Veteran NBC anchor Tom Brokaw took the Obama administration to task Thursday on The Cycle, calling them out for going after Fox News correspondent James Rosen in a "ham-handed fashion" over his reporting about North Korea's nuclear program and being "very difficult to deal with" for journalists overall.

Host Krystal Ball tried to lead him with a question asking if the story was more of a media fascination than a pressing scandal, but Brokaw said the issue of journalistic suppression was significant, and he added that Attorney General Eric Holder's meeting with reporters outlining leak investigation guidelines Thursday should be on the record:

BROKAW: Because the public is not terribly interested doesn't make it unimportant, frankly, at this point.

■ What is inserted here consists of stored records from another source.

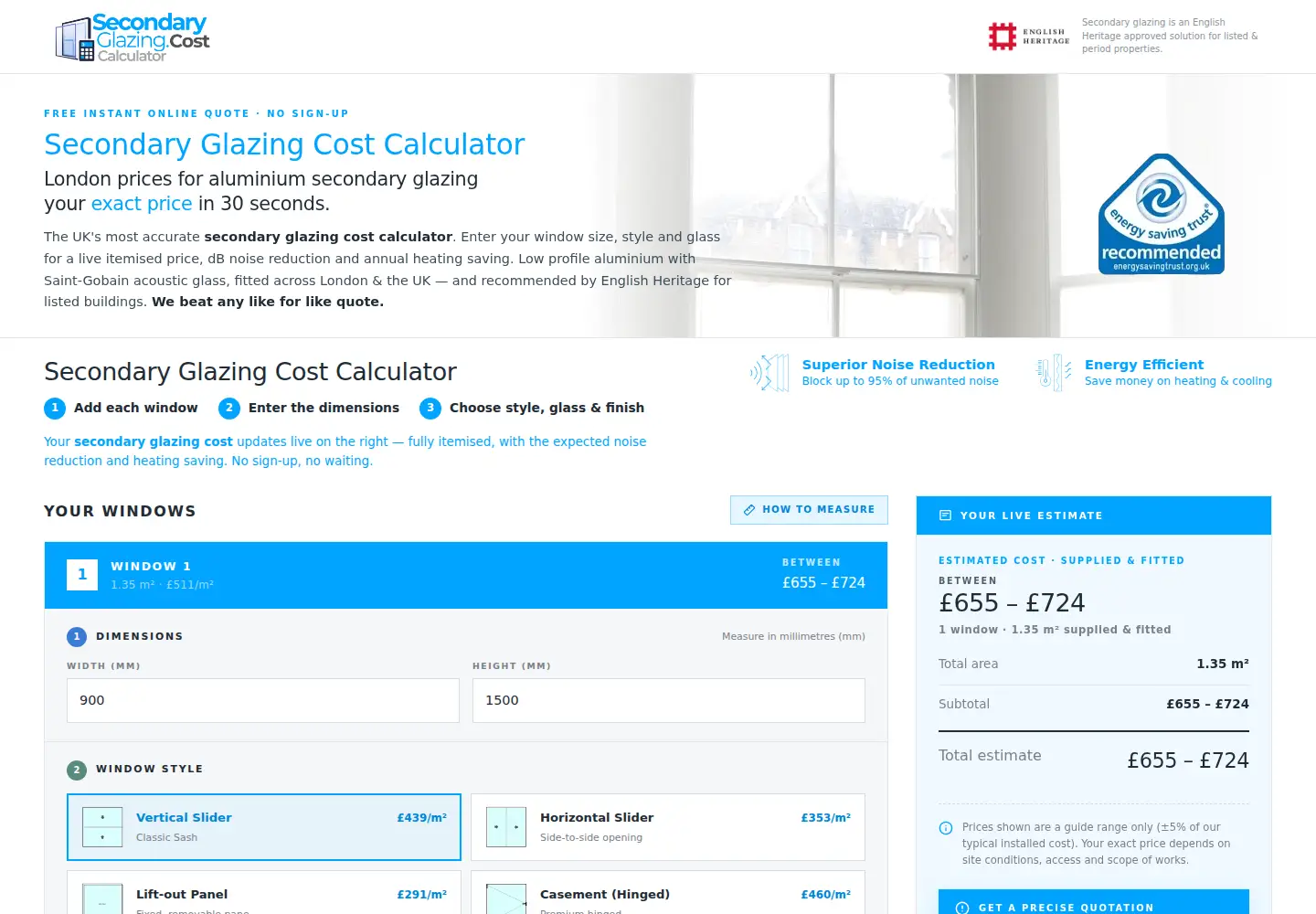 Screenshot of secondaryglazingcost.co.uk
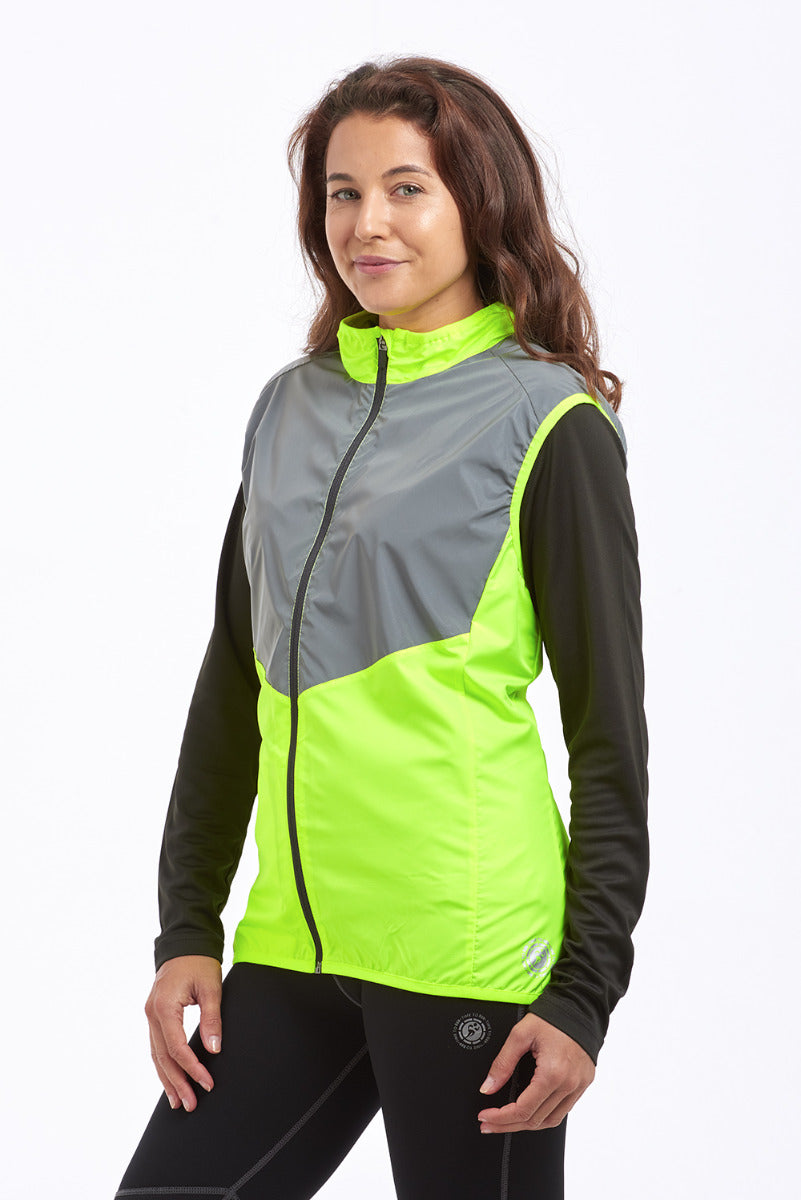 Women's Running Gilet - Windproof Reflective High Vis & Lightweight - Lime Green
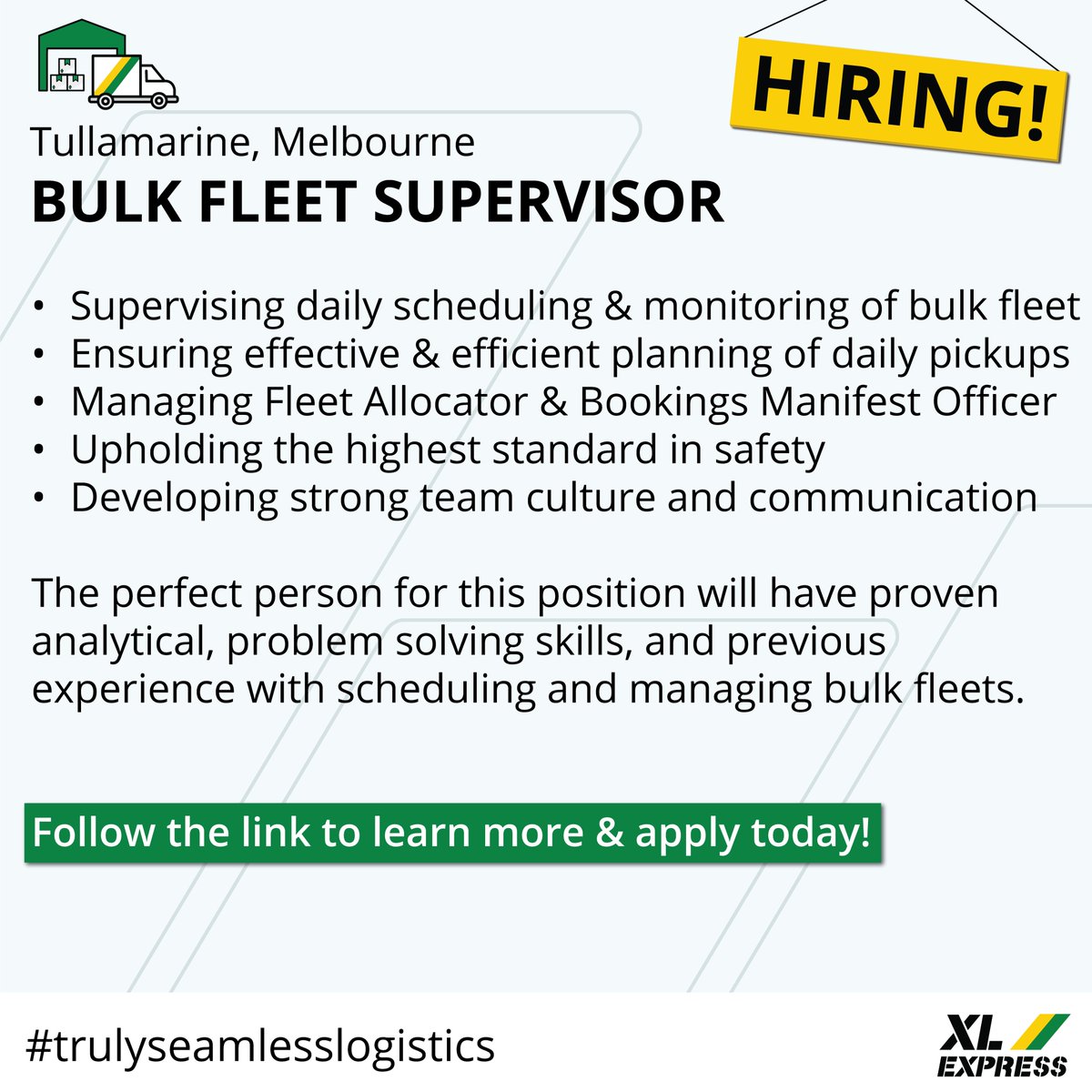 XLExpressAUS's tweet photo. View all of our available roles at https://t.co/JghSV6DIyK

We're always looking for enthusiastic and vibrant people to join the team here at XL Express. Are you looking for work? Explore our careers page to discover a role that is right for you!

#hiring #transportjobs https://t.co/pQ4DQi6zQB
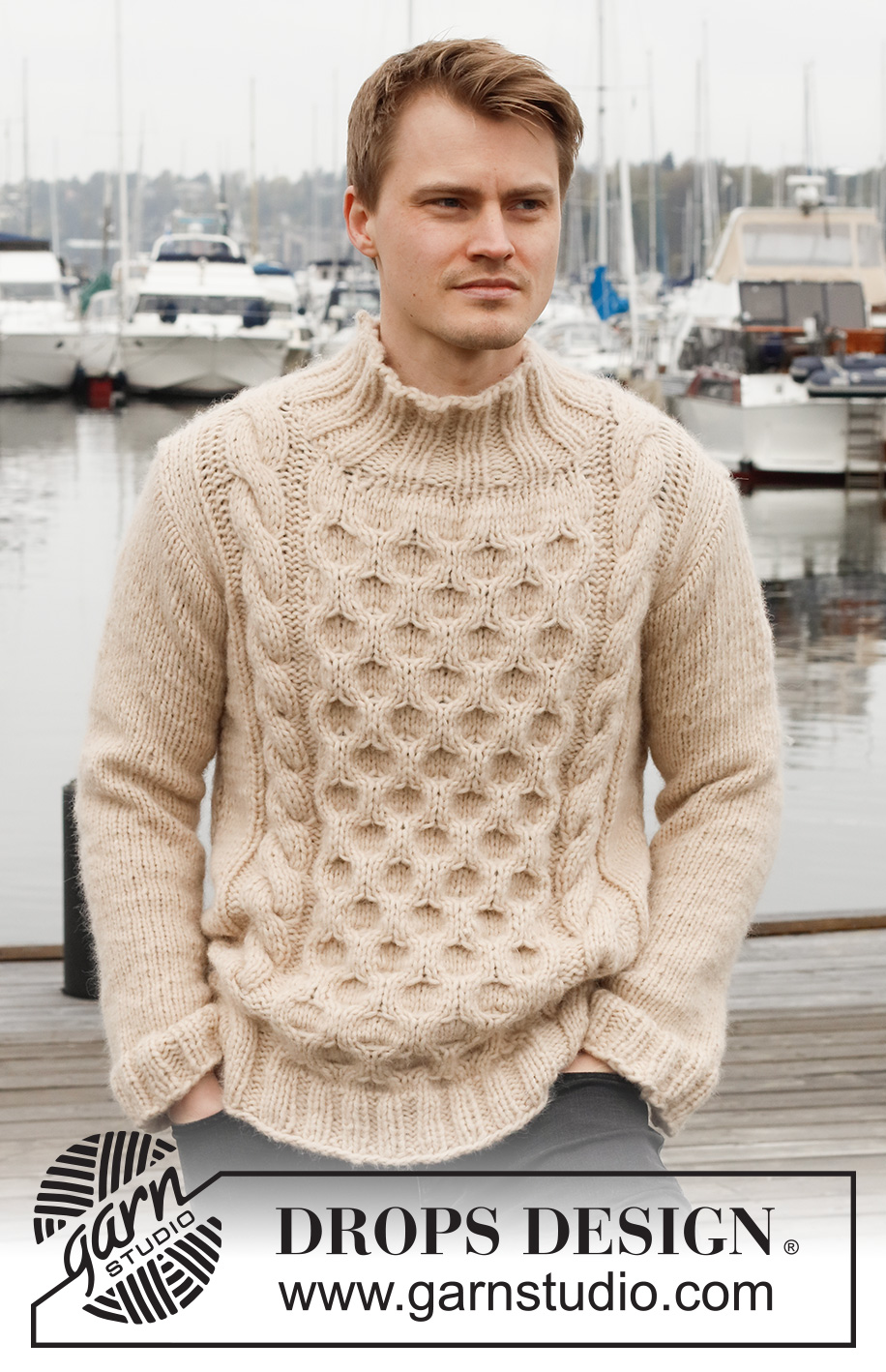 Winter Hive / DROPS 224-15 - Strikket genser til herre i DROPS Wish. Arbeidet strikkes med fletter, bikube mønster og høy hals. Størrelse S - XXXL.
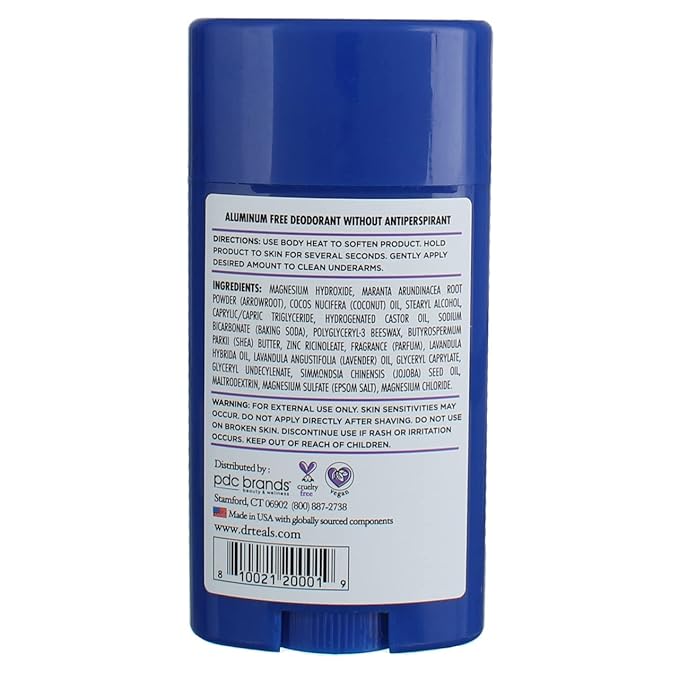 Dr. Teal's Vanilla Lavender Deodorant Gift Set (2 Pack, 2.65oz Ea.) - Shea Butter & Arrowroot Powder Absorb Moisture & Leave Skin Clean & Healthy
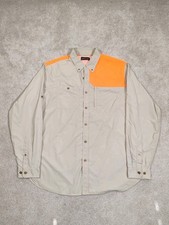 Orvis Shirt Men Large Tan Bush Safari Overshirt Fishing Hunting Shooting Utility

I do think that there are very important issues that are involved here on both sides, by the way. The government feels very strongly that it was a violation probably of the Espionage Secrets Act. There was intel that they had developed on a very short term basis that they didn't want the North Koreans to know about at a critical time. It got out. They went at the reporter and the source, in my judgment, in a ham-handed fashion, and then the explanations afterwards took a very circuitous route between what the Attorney General had to say before the hearings, what he said publicly, what the White House is saying. I do believe that this meeting this afternoon absolutely should be on the record. Let the sunshine in.

S.E. CUPP: Of course.

BROKAW: Let's find out what the defense is, what the press institutions have to say. When it does happen to the press in Washington especially, it does take on proportions in news coverage because it's about us. And I've used the phrase before. We have glass jaws. We swing away, and then someone takes a swing at us, and we go down with the first punch. This is a case that's got more components to it. I recommend people read Walter Pincus in the Washington Post this week online, looking at what the circumstances were for the Justice Department to move, and I would hope that we can get this resolved. I do think that this 'administration has held very tightly onto information that really ought to be in the public arena. They're very difficult to deal with for working reporters on a daily basis to get what they want to out of the administration.